Why AI Training is a poor measure of AI Competence (and what to measure instead)

Glenn Martin
Feb 17
4 min read

Most organisations now accept that AI training is necessary.What far fewer are clear on is how to tell whether that training actually worked.

Completion rates are high, internal feedback is positive and there is a perception that collective confidence has gone up.And yet, weeks later, decision quality looks unchanged.

That gap is not accidental. It is structural.

Why AI competence is so hard to measure

There is no globally recognised scale for AI competence, and that is not an oversight, it is a consequence of two realities.

First, the tools are changing so fast, any fixed definition of “AI skill” is becoming quickly outdated, almost as soon as it is written.

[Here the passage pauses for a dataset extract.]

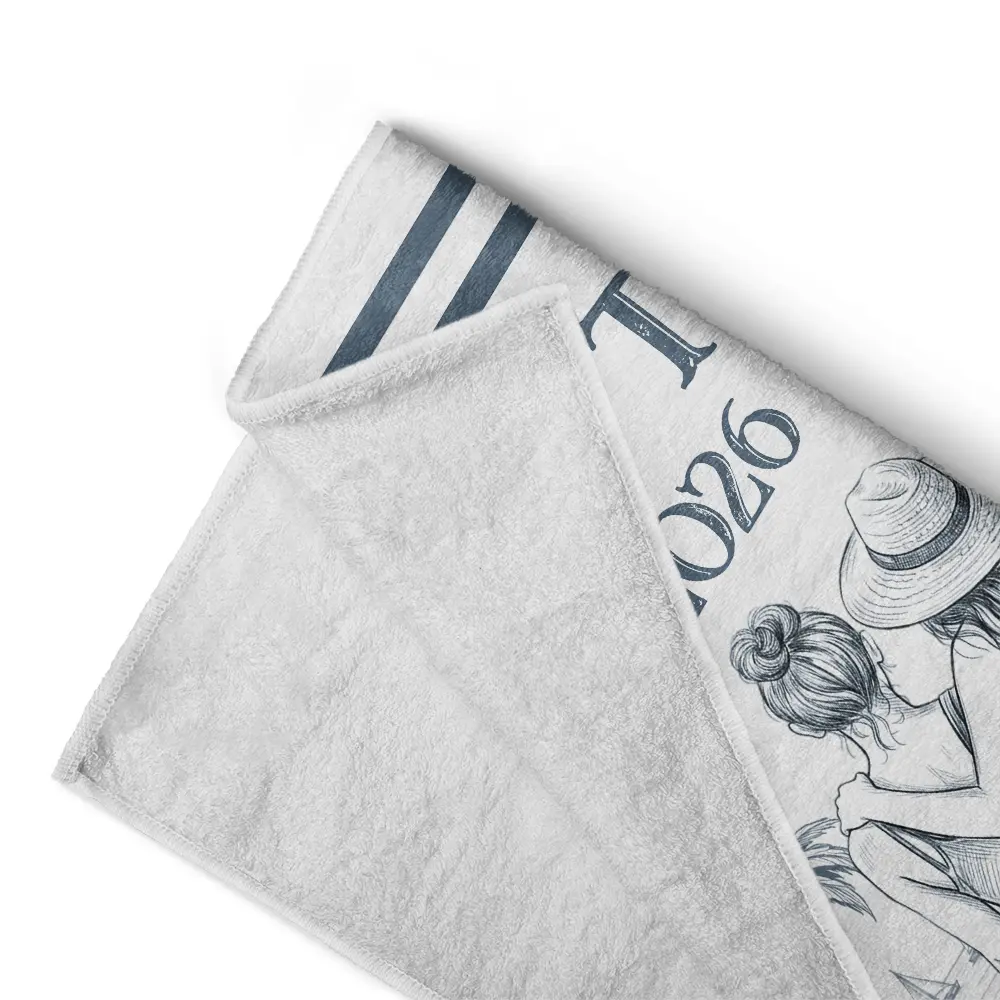 Custom Photo Pencil Sketch Art Girls Trip A Lot Of Laughter & Memories - Personalized Beach Towel - Image 5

Second, it is unclear what such a scale would even measure. Prompt writing? Tool familiarity? Model logic? Build logic? Governance awareness? Decision judgement?

Most organisations quietly solve this ambiguity by reaching for the nearest available proxy: training completion.

That shortcut is understandable, it is also misleading.

The proxy problem: when training stands in for competence

A common assumption still holds inside leadership teams:

Employee X completed Training Y, therefore Employee X is competent.

This is a category error: confusing exposure with capability.

Training delivers knowledge, context, and a shared baseline; at best, well-designed training can also surface early capability through practical exercises.

What it cannot do is guarantee competence.

Competence only emerges through repeated application, judgement under pressure, critical analysis of outcomes, and adaptation as conditions change.

This distinction matters more for AI than almost any other skill domain.

Why AI competence is different

AI competence cannot be treated like software adoption or tool onboarding.

It is different for three reasons.

First, AI outputs are uncertain but linguistically confident. The system speaks fluently even when it is wrong, and humans are not wired to question confident language.

Second, errors slip unnoticed into downstream work. A flawed summary becomes the basis for a decision and a weak assumption may become a policy. The mistake rarely announces itself at the point of origin.

Third, the cost of misplaced trust is delayed, not immediately visible. By the time the impact shows up, the source is often forgotten.

On top of this, most AI systems generate outputs without observable reasoning chains, and confidence is separated from correctness. The result is that human trust calibrates badly when systems feel authoritative, but provide no clear trail of how they reached a conclusion.

This is why AI competence is less about usage and more about critical thinking and judgement.

A cleaner definition of AI competence

Gartner frames this cleanly:

“AI competence exists only insofar as it improves decision quality at scale.”

I like this definition because it cuts through the noise by being concise and memorable.

It avoids tool obsession.It avoids skill inflation.It anchors competence to outcomes that matter.

Under this definition, an organisation is not competent because its people use AI often, it is competent because its people make better decisions when AI is involved.

That also exposes the flaw in how competence is usually measured.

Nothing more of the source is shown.